EDEN 総括

雑記
 やばいやばい。麻雀に興味出てきてしまった。
 アニメに影響されてやるのはにわかっぽいけど、出来ないよりは出来るほうがいいよなあ。


EDEN総括
 「EDEN」とは誰もが知っているように、旧約聖書の創世記に出てくる楽園です。そこにいたアダムとイヴは知恵の実を食べてしまうことにより、楽園から追放されました。
 この漫画のタイトルはEDENです。ではこの漫画の中にはEDENが出てきたのでしょうか?
 1話ではエンノイアが、自分の住んでいる場所をエデンと言っていました。しかし彼は創世記のEDENのように誰かに追放されるということはなく、自分から楽園を出て行きました。
 そしてそれから、物語が始まってからはエデンと言えるような場所や状況は一切出てきません。多くの人が物語に登場し、死んでゆく。いつでもどこでも理不尽で残酷な現実が描かれています。同情も出来ないような人間が死んでいくのもあれば、必死に人を助けようとして結局は両方とも死んでいった人たちもいます。愛を持ち、聖人君子のような人も神に助けられることもなくあっけなく死んでいきます。
 思えばこの漫画の進行はその繰り返しだったように思えます。世界中にある民族問題や宗教問題を取り上げながら、それによって不幸になる罪も無い人々が呆れるほど多いことが描かれています。じゃあ私たちは「そういった問題は頑張ってなくしましょう。いつかは無くなるはずです。」と信じて問題解決に向けて何かをすればいいのでしょうか?
 この漫画を読んでいると、そんなことは出来ない、人間同士のいざこざは決して無くならない、そう思えてきます。どんな善人でも絶対に救われるということはない、そういった諦めのような感情がこみ上げてきます。
 だからこそ生まれたのがコロイドなのでしょう。コロイドは人間を取り込んで情報のみにしてしまう。そしてその情報で新たな宇宙を創り、今の人間の進化を見限って次の段階へと移ろうとする。しかしラストシーンではエンノイアがコロイドの計画について異議を唱えています。それは人間代表として言ったのか、それともエンノイア個人としての考えを言ったのか。
 エンノイアはエデンで生まれ、出て行き、何十年か後に戻ってきてそこで死にました。彼は外の世界で麻薬の販売を行うことにより、世界の汚さ、現実の非情さを人一倍理解しているでしょう。それでもなお、彼は人間の可能性を見限ろうとはしませんでした。

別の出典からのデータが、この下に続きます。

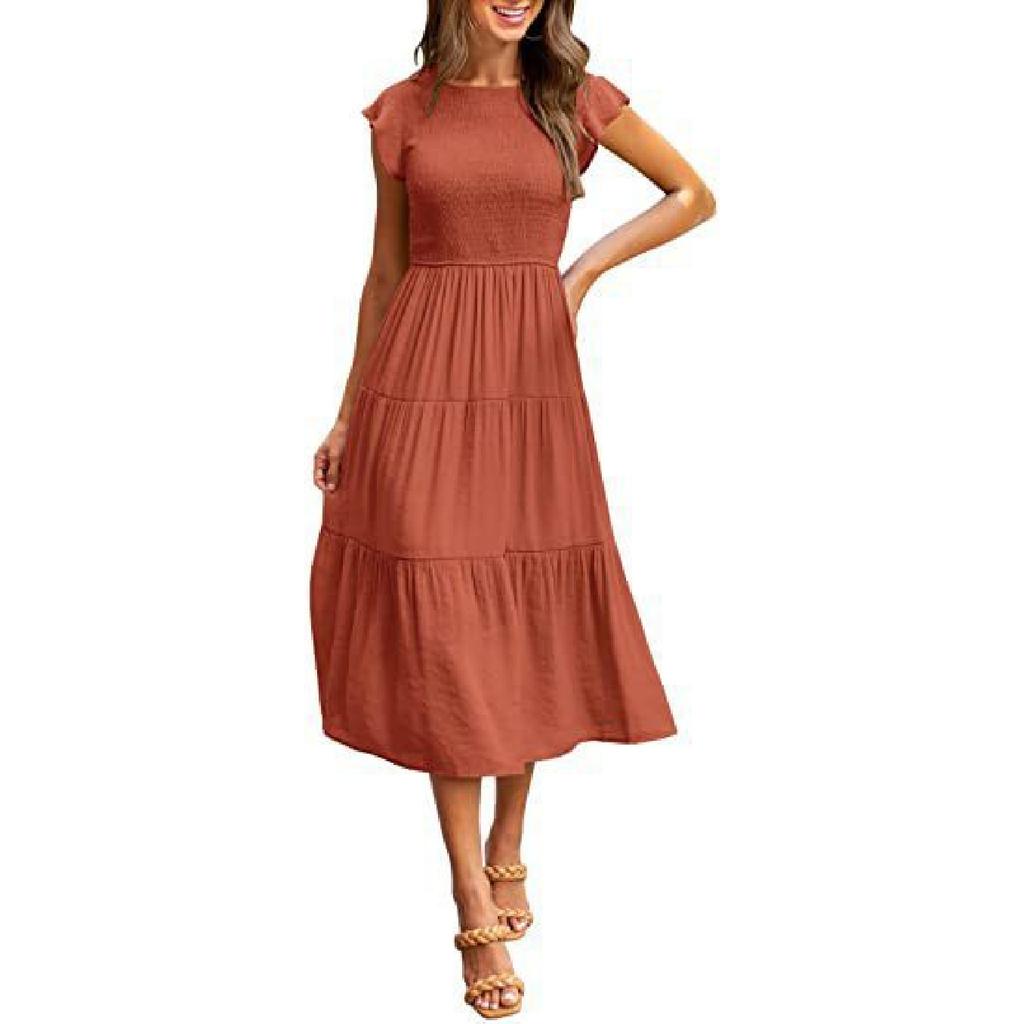 New Year Summer Vacation Beach Music Festival Commuting Work Comfortable Sexy Elegant Women'S Fashion Printed Dress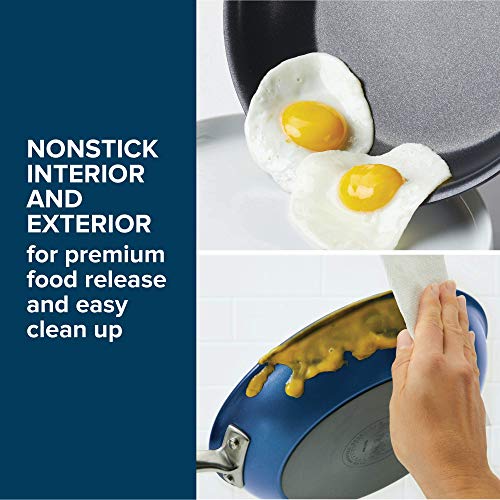 Anolon Advanced Hard Anodized Nonstick Sauce Pan/Saucepan With Straining And Lid, 2 Quart, Indigo Blue #TOP4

 物語の最初から最後まで、エデンは見つけることは出来ませんでした。もしかしたら「EDEN」というタイトルは楽園なんて存在しない現実への皮肉なのでしょうか。所詮エデンなんて旧約聖書に出てくるだけだったのか。人間はエデンから追い出された生物だから、人間社会がエデンを創ることなんて決して出来ないのか。

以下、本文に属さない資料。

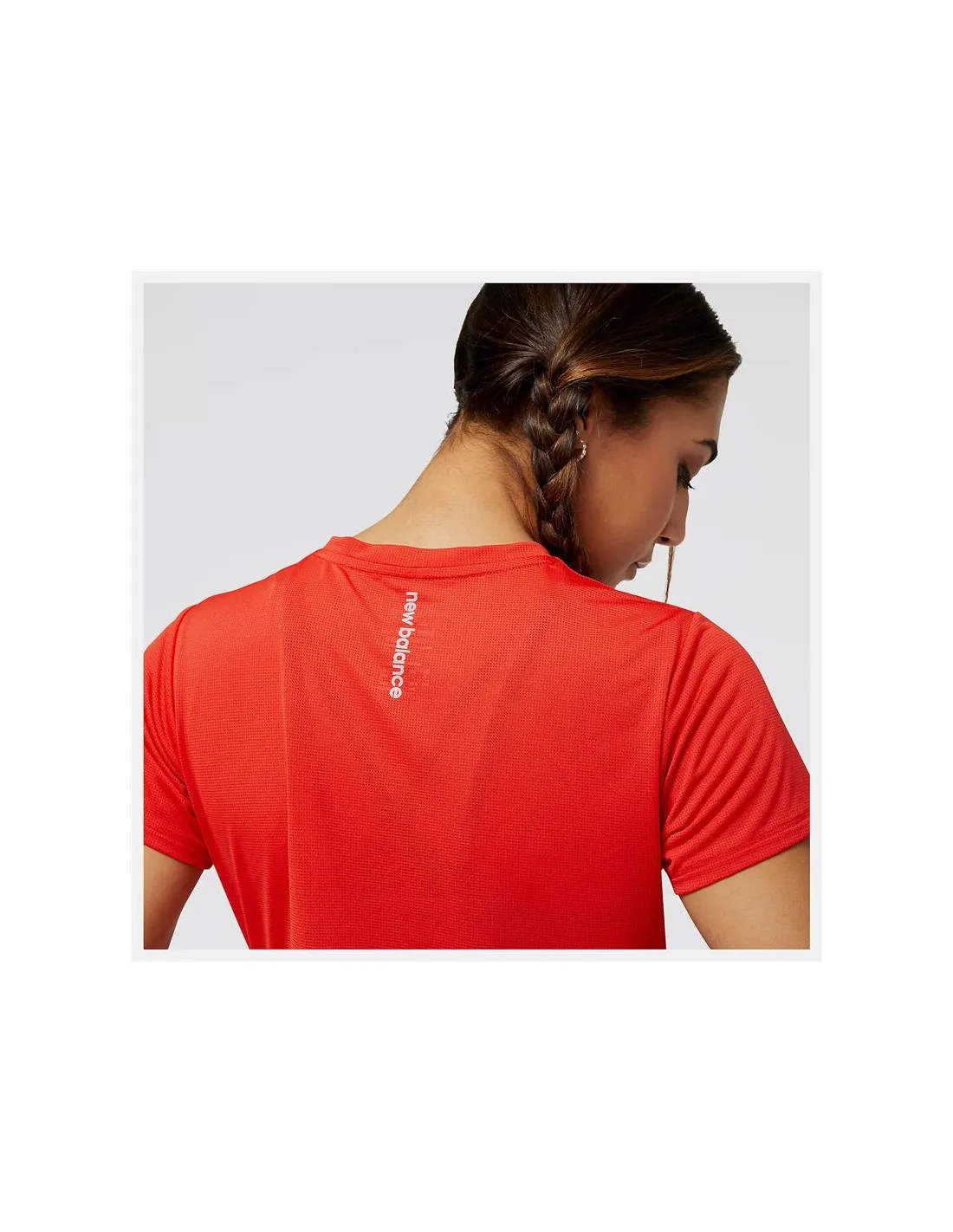 Camiseta de running New Balance Accelerate Rojo Mujer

 EDENのサブタイトルは「It’s an Endless World!」。直訳すると「それは終わり無き世界だ。」It’sは「それ」と略さなければ「終わり無き世界がある」などのように存在を表すこともできます。ここでの終わり無き世界とはどういう意味でしょうか。

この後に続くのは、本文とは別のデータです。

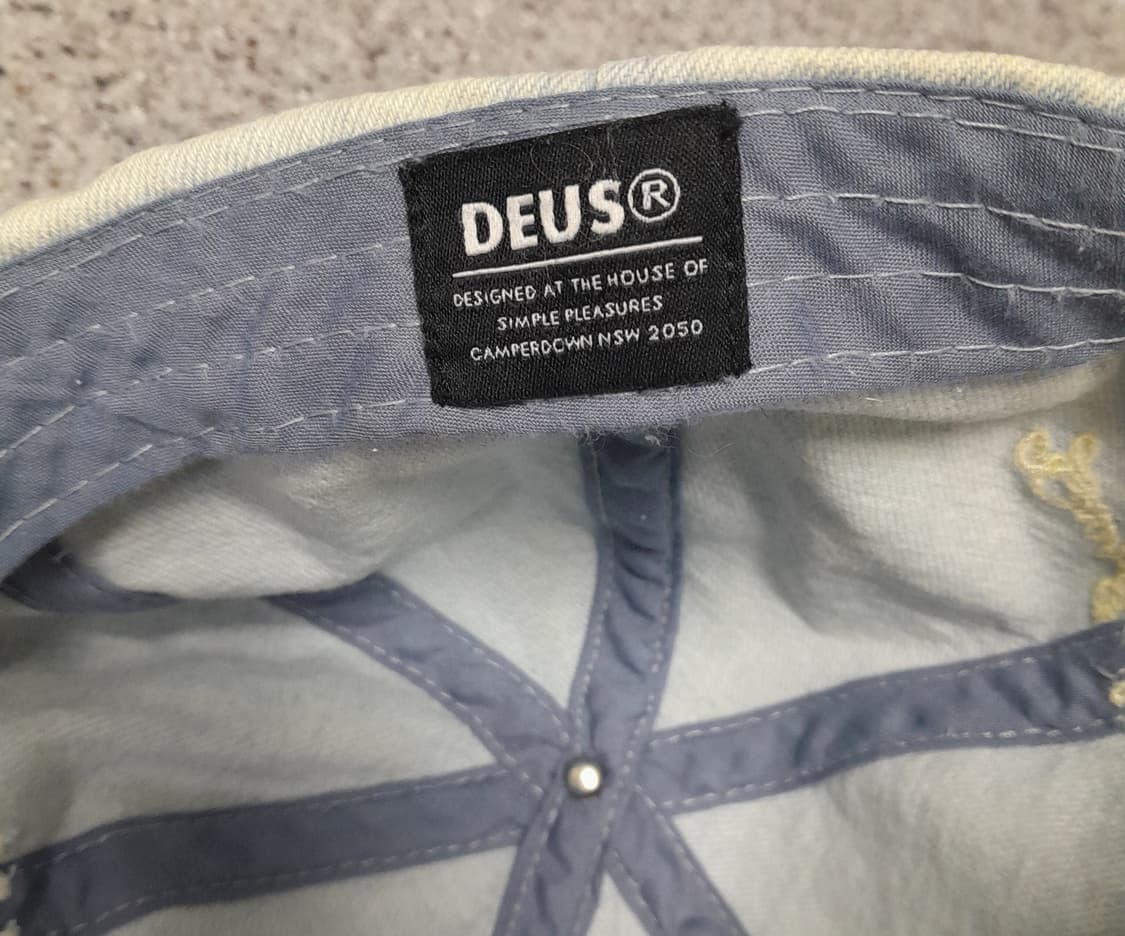 💥데우스 엑스마키나 빈티지워싱 데님 볼캡 
 상품이미지7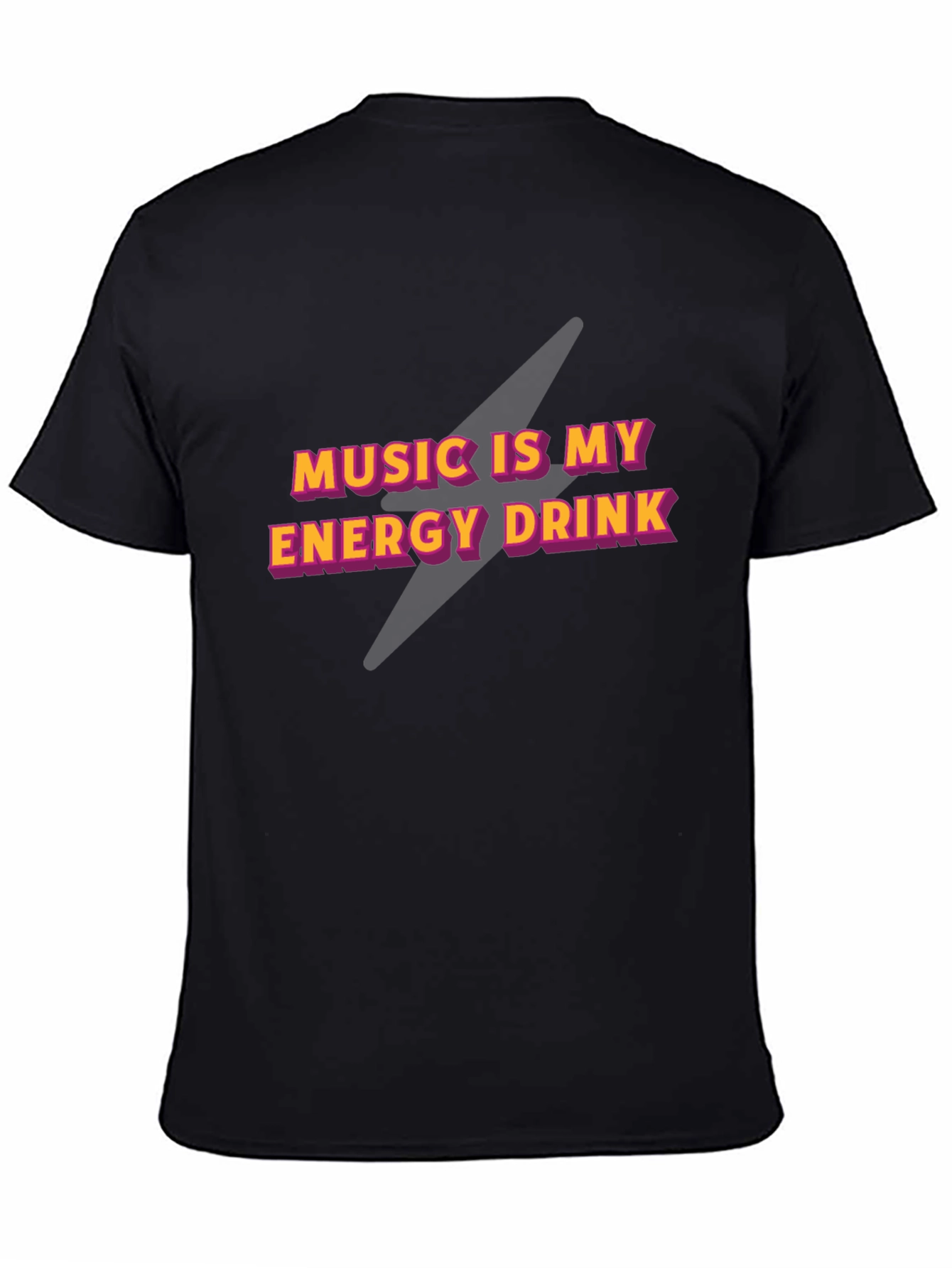 Music Is My Energy Drink Graphic Tee - Black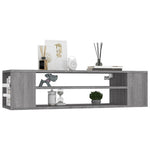 Hengende Tv-Benk Grå Sonoma 100X30X26,5 Cm Konstruert Tre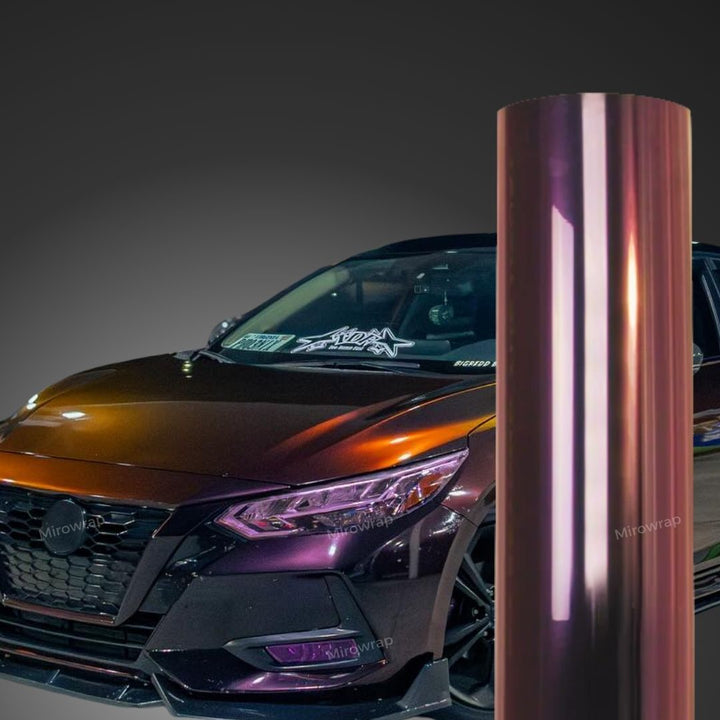 Color Shift Rainbow Drift Black Red Vinyl Wrap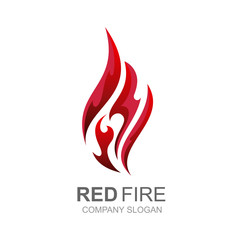 fire logo with simple and modern look, logo ready to use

 私個人の解釈では、「世界は永遠に変ることが無い」。つまり人間や他の動物は食われ食うの関係で争いがなくなることは無い、そして人間社会からも決して争いがなくなることは無い、ということは指しているのだと私は思います。
 作者の伝えたかったことは何だったのでしょうか。人間の不幸は決して無くならない?もしくは、そんな人間達でもいつかきっと問題は無くなるということ?
 どのように解釈するのも個人の自由です。この世界の本質を描いて、「さあ君ならどうするか」と作者から問題提起されていると思ってもいいでしょう。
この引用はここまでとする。